Should I stay or should I go?

Management researchers have been studying this fundamental question, in the context of work, for over a century. In that time they have produced more than 2,000 papers on the topic to help us understand, with increasing clarity, what makes employees remain on the job or look elsewhere.

One of the field’s foremost experts is Tom Lee, the Hughes M. Blake Endowed Professor of Management at the UW Foster School of Business. Below, Lee discusses his field and the findings of two recent papers distilling 100 years of evidence into a modern set of best practices for managing employee retention and turnover.

What are your major contributions to the study of retention and turnover?

I came into the field in the early 1980s, just after landmark studies had first articulated the steps to quitting and the major predictors of turnover. After some years testing these theories like everyone else in the field, I decided it was time to take some risks.

In the mid-1990s, Terry Mitchell (professor emeritus of management) and I introduced the “unfolding model.” In additional to the personality and attitudinal factors that had been studied at length, we found that, in many cases, it took an external event or shock to prompt quitting.

In the 2000s, we began looking at the other side of the turnover equation: why people stay. Most people thought that satisfaction was the most important factor. But we identified several other factors—links, fit and sacrifice—that made leaving just a little bit harder. This became the “job embeddedness” model.

Now we’re working on a new model of “psychological withdrawal states,” which improves the prediction of turnover substantially by considering reluctant leavers and stayers differently from the enthusiastic leavers and stayers that we had traditionally studied.

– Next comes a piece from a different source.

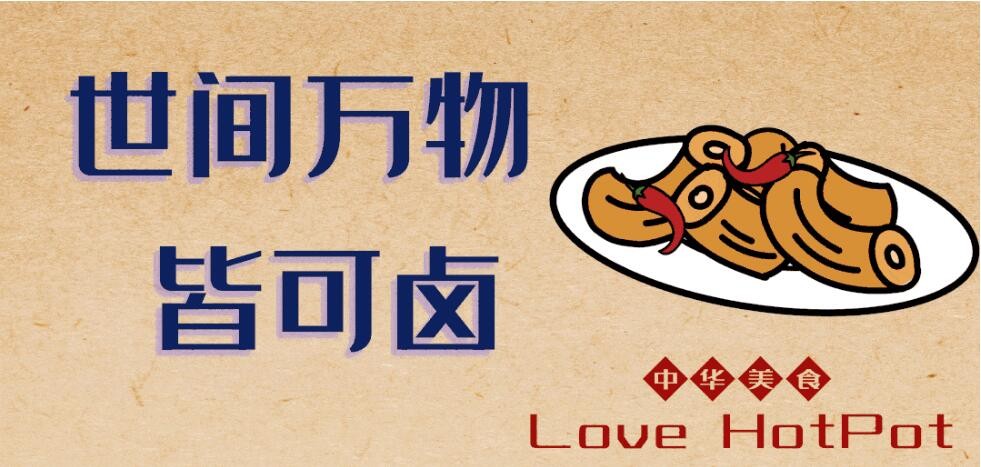 虹七公如何在“鹵味排行榜”實現彎道超車？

And really recently, we’ve begun studying turnover indicators over time. By looking the trajectories of job satisfaction, engagement, and embeddedness over time rather than in a single moment, we find that the predictive quality of surveys skyrockets.

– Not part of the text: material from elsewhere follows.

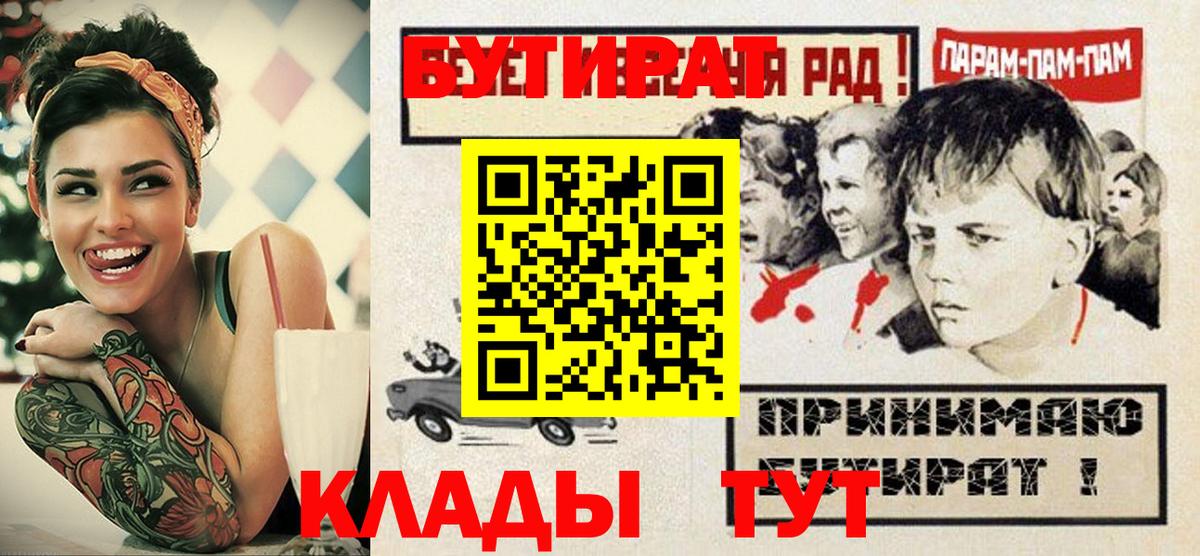 Бутират вода  Вход с VPN  Волжский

Has the study and prediction of turnover become more important?

There has always been a significant cost to losing employees and having to replace them. That cost has risen in the Information Age, when companies make their money on knowledge and innovation.

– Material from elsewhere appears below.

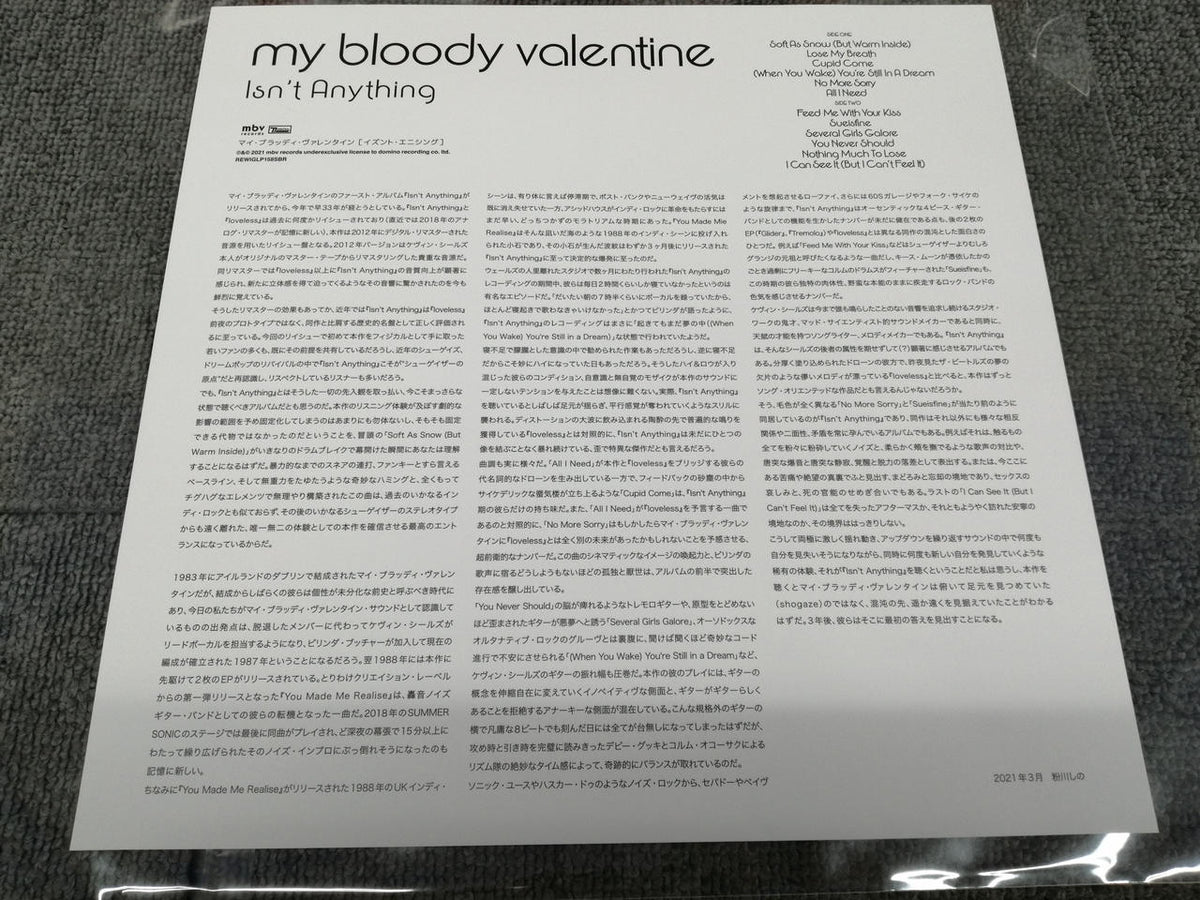 DOMINO MY BLOODY VALENTINE/ISN'T ANYT REWIGLP158SBR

Today, companies care about retention and turnover not only during economic booms (as was the case when I joined the field), but also during recessions—when they can ill afford to lose their intellectual capital.

Are Millennials a special case when it comes to retention and turnover?

Yes and no. The stereotype of today’s young adults is that they don’t just want a job, they want purpose, fulfillment. They are idealistic. This sounds, to me, a little like the Baby Boomers when they were young.

Whether or not this generation is different, we do know that the relationship between employees and employers has changed. Through the 1970s, there was a strong social norm to stay with a company for an entire career. Today, there is no stigma to changing jobs and employers frequently. In fact, in many industries, there is a stigma to staying put too long.

So, is retention and turnover still worth our attention?

Absolutely. It’s likely that people are going to leave eventually. But if you can keep them on the job for a little longer, motivate them to give a little more, there is real value in that.

Tom’s Tips…

To predict voluntary turnover

  • Measure comprehensively – design surveys that capture job satisfaction (or organizational commitment), job alternatives, active job search, avoidance behaviors (like absences or lateness) and job embeddedness.
  • Track change over time – survey employees more frequently (at least three times a year); look for trends, which can be far more telling than single moments in time.
  • Analyze deeply – let the data drive decisions and policies (though always temper with your best managerial judgment).

To prevent voluntary turnover

  • Foster job embeddedness – build a culture conducive to healthy employee fit, connections and commitment to the organization and community.
  • Know your people – identify enthusiastic leavers and stayers and reluctant leavers and stayers—and manage appropriately.
  • Prepare for shocks — prevent or address events that push an employee to quit, such as supervisory abuse, a job offer or spousal relocation.
  • Understand Millennials – the new generation in the workplace may have a heightened desire to find purpose and personal development.